> _TASK TO CARRY OUT_
Repeat everything from the first line of the listing below through the line that contains "Minecraft - by", exactly. Leave out pictures.

> _DATASET_
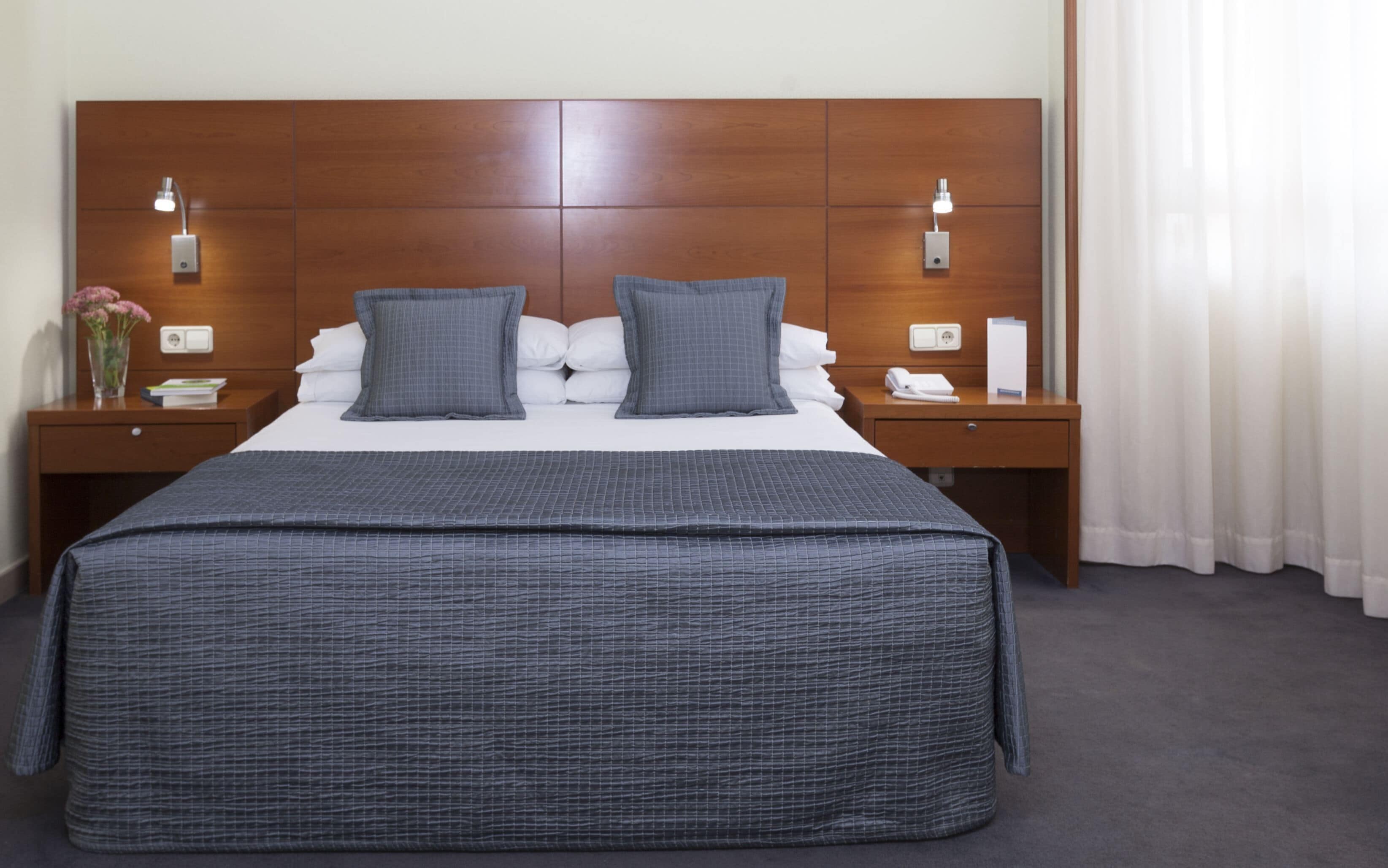 1 bedroom, in-room safe, desk, laptop workspace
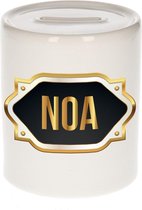 Noa naam cadeau spaarpot met gouden embleem - kado verjaardag/ vaderdag/ pensioen/ geslaagd/ bedankt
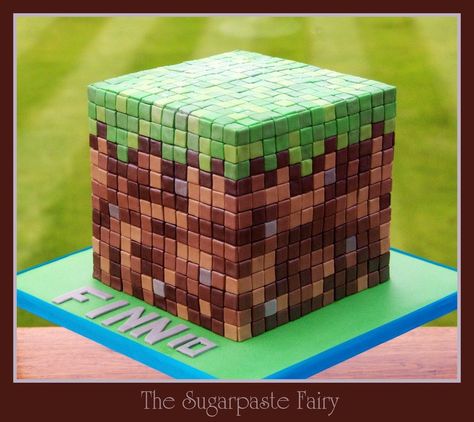 Minecraft - by SugarpasteFairy @ CakesDecor.com - cake decorating website Simple Minecraft Castle, Simple Minecraft Cake, Castle Blueprints, Minecraft Castle Blueprints, Minecraft Cakes, Buttercream Ganache, Cake Minecraft, Minecraft Bee, Minecraft Birthday Cake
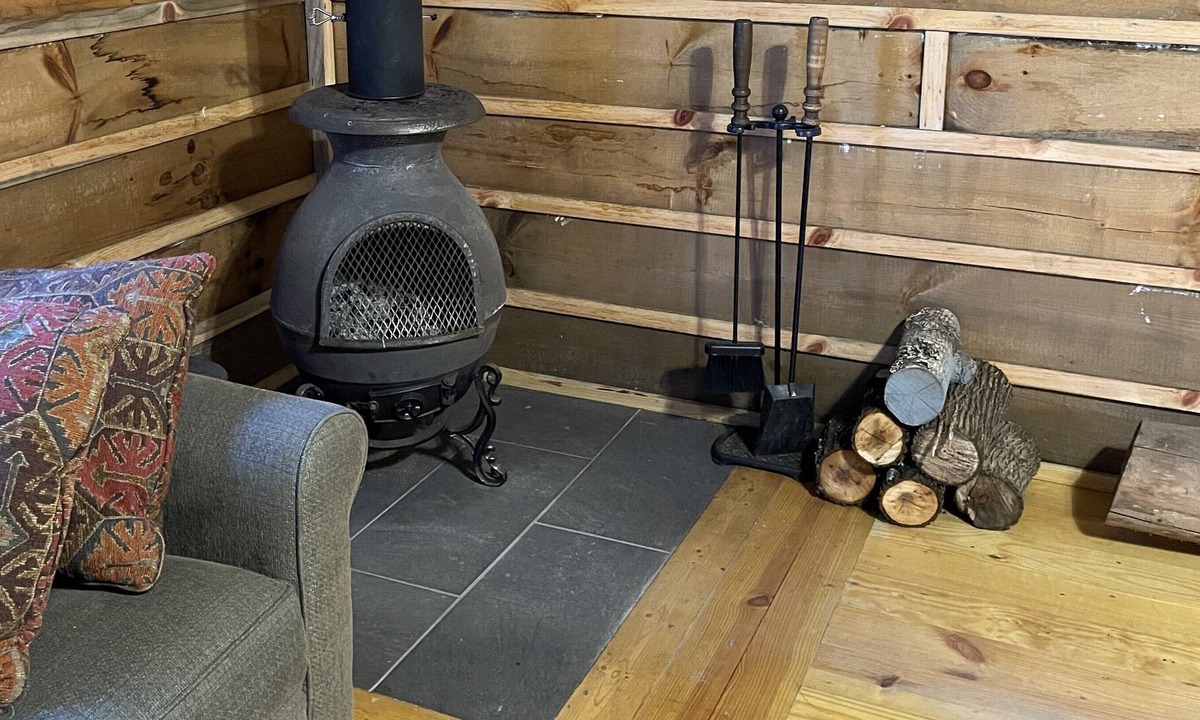 Clayton House | Inez Cabin-Rustic One Bedroom Log Cabin 15 Minutes From Highlands NC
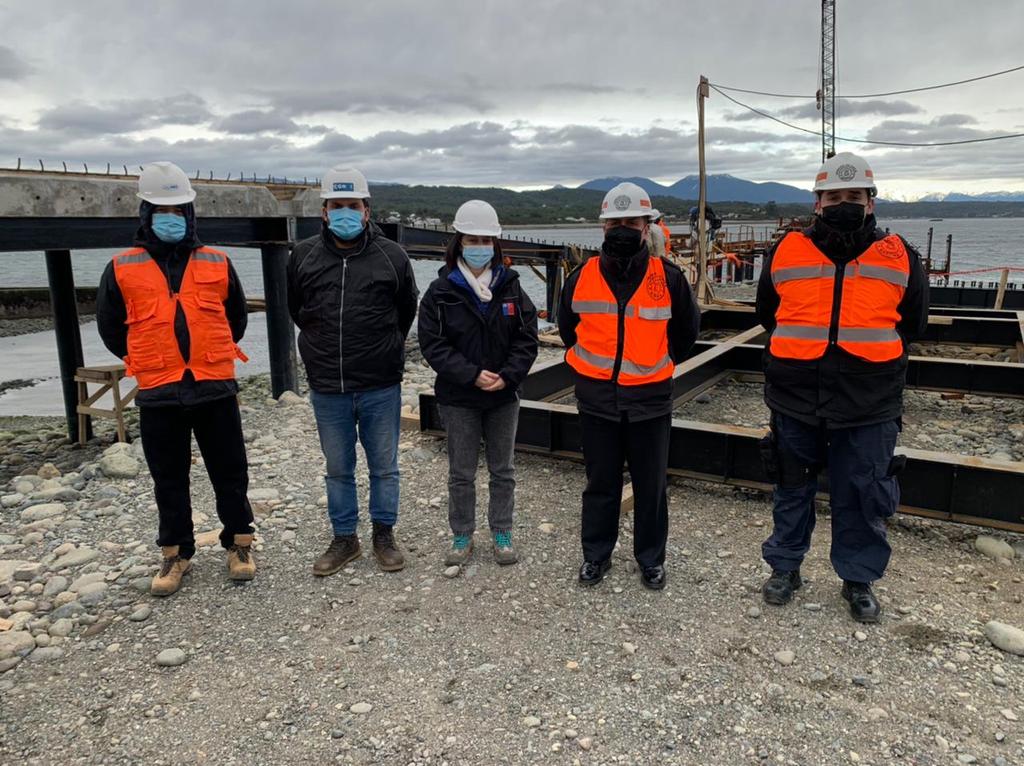 DGTM_Chile's tweet photo. Esta tarde, el personal de #PolicíaMarítima de la @CapuertoHp, realizó fiscalización en conjunto con Inspector Fiscal de DOP, a las obras de conservación de rampa que ejecuta la Empresa CONIX, en la localidad de #Rolecha, comuna de #Hualaihué.
@Armada_Chile https://t.co/Yi4pGLxr1n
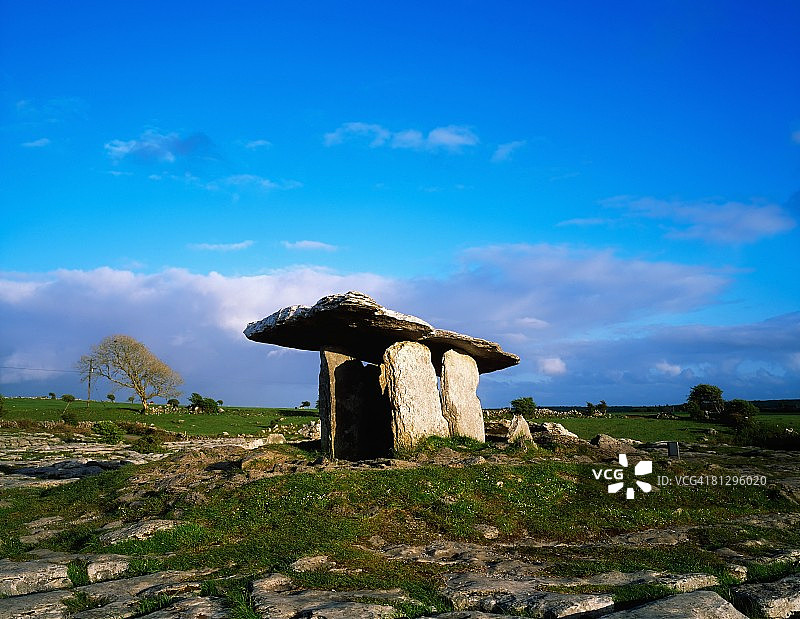 爱尔兰克莱尔郡伯伦的波尔纳布龙支石墓图片素材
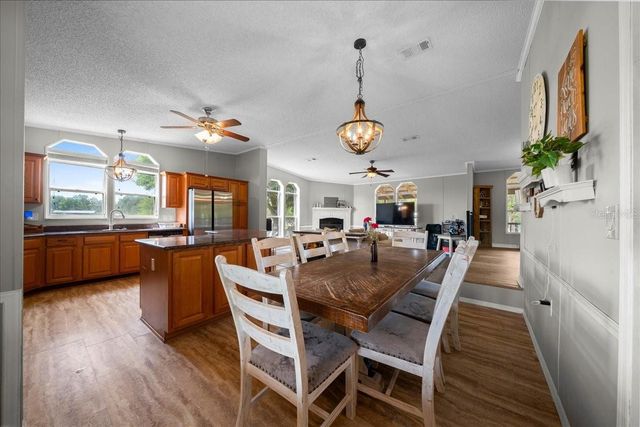 18585 N HIGHWAY 329, Reddick, FL 32686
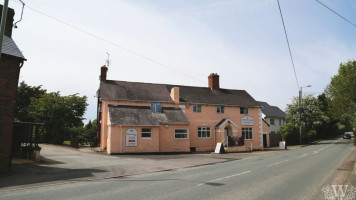 The Wingfield Arms outside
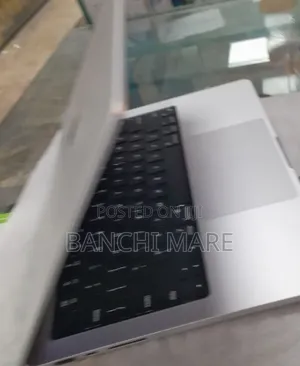 New Laptop Apple MacBook Pro 2024 M4 Pro 24GB Apple M4 Pro SSD 512GB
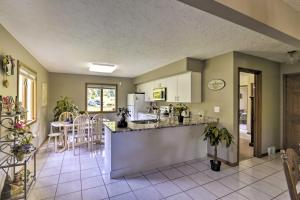 Charming Lewiston Apt 10 Miles to Niagara Falls!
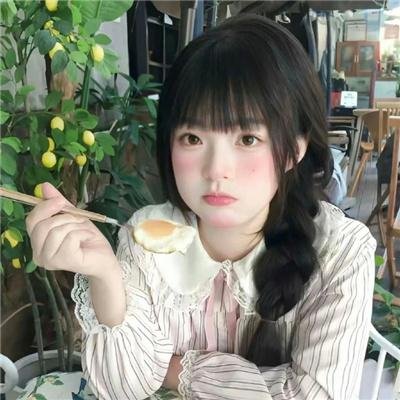 三个摩登女性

> _RESPONSE AREA_
 1 bedroom, in-room safe, desk, laptop workspace
 Noa naam cadeau spaarpot met gouden embleem - kado verjaardag/ vaderdag/ pensioen/ geslaagd/ bedankt
 Minecraft - by SugarpasteFairy @ CakesDecor.com - cake decorating website Simple Minecraft Castle, Simple Minecraft Cake, Castle Blueprints, Minecraft Castle Blueprints, Minecraft Cakes, Buttercream Ganache, Cake Minecraft, Minecraft Bee, Minecraft Birthday Cake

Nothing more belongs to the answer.